The Right Coast

October 09, 2005
 
The Future of Harriet Miers
By Mike Rappaport

There are two primary complaints against the Miers nomination. First, President Bush could have nominated a giant but instead nominated an unknown who is not terribly qualified for the Court. The second complaint, though, would affect me more if I were Senator pondering how to vote: Miers may turn out not to be the Justice President Bush envisions and instead move towards the center over time.

While President Bush promises it won't happen, it is easy to imagine. In the early years, my guess is that Harriet Miers, who is not terribly experienced in the constitutional area, will tend to follow John Roberts. He is probably less ideological than Scalia and Thomas and he is greatly admired for his skills.

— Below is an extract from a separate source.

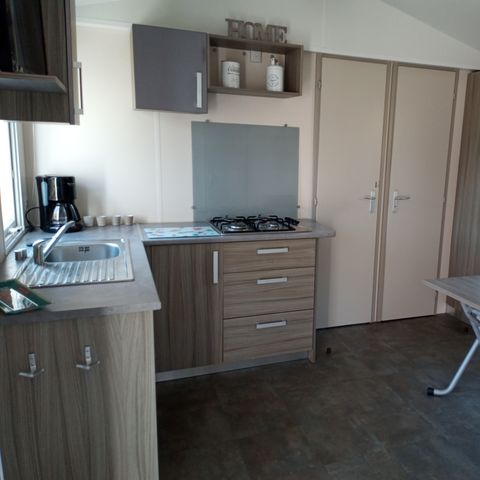 BUNGALOW 4 personnes - SUPER MERCURE FAMILLE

But after a couple of years, what will she do? My fear is that she becomes more liberal -- that she grows in office. Harriet Miers has spent her professional life being ambitious, doing what was necessary to rise to the top, and not staking out political or legal positions that would cause her to be criticized. On the Supreme Court, this type of person will worry about her reputation, and the best way to secure a good reputation is to move to the center and seem moderate. She will not want to stay in the shadow of Roberts forever. Miers will also have seen the accolades accorded her predecessor, Sandra Day O'Connor, for being moderate. The only reason for Miers to remain a conservative is if she is true believer and is willing to sacrifice reputation for the sake of what she believes is right. That, however, is not how Harriet Miers has acted throughout her career. There is little reason to believe she will start acting that way on the Supreme Court.